The exact same way a siren shifts in pitch up and then down as the ambulance races past you, light can shift redder or bluer depending on its motion: a light source moving towards you will appear ever-so-slightly bluer, and a receding light looks a tiny bit redder.
So even though we can’t see the star in motion, we can detect the tiny change in its light pattern as the planet causes it to swing closer and farther from us. This method works best when the planet is directly along our line of sight (just like with the transit method), but it can also give a detectable signal when it’s not perfectly aligned. As long as the star has some decent amount of back-and-forth in our direction, the light will shift.
Of course the stars themselves are in motion through space, causing a general light shift, and solid measurements are difficult to come by since the stellar surfaces are roiling, boiling cauldrons – not exactly the best source to get precise measurements of motions. But the regular, rhythmic, repeated motions due to the influence of an orbiting planet stick out in a very obvious way, taking the form of a characteristic curve, even if we haven’t observed the system for an entire exoplanet orbit.
Yes, astronomers are that good.
That’s not to say that this method (called by various fun technical names such as “radial velocity” and “Doppler spectroscopy”) is absolutely perfect and instantly unlocks all the scientific secrets of an alien world. Far from it. Like any other technique hanging from the science tool belt, there are shortcomings and limitations.
For one, the shifting of light alone isn’t enough to fully reveal the details of the exoplanetary orbit. Are we seeing a relatively small planet perfectly aligned with our line of sight?
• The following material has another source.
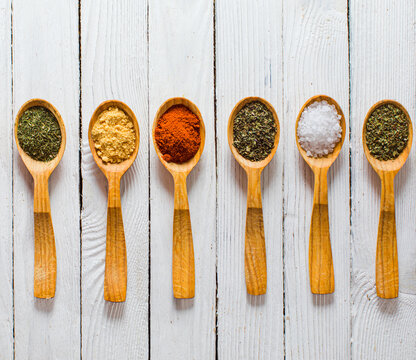 Set of measure spoons with spices, isolated on white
Or a much bigger planet with a tilted orbit? Both cases would lead to the same signal – we need a referee.
With the hundreds of candidate exoplanets in the bag using the radial velocity method, how many of them also transit in front of their star? More specifically, now that we’ve seen a planet once with one technique, can we catch it again in a follow-up with something like the TESS mission?
Not only would a follow-up confirm details of the planet (density, radius, etc.) it would also uncover new ones. What’s more, these kinds of cross-checks are absolutely crucial to help uncover hidden biases and weakness in the respective methods. Do radial velocity and transit methods always agree on properties of the exoplanets they find? If not, why not? To better use the methods independently, we have to carefully examine the results when they’re used simultaneously.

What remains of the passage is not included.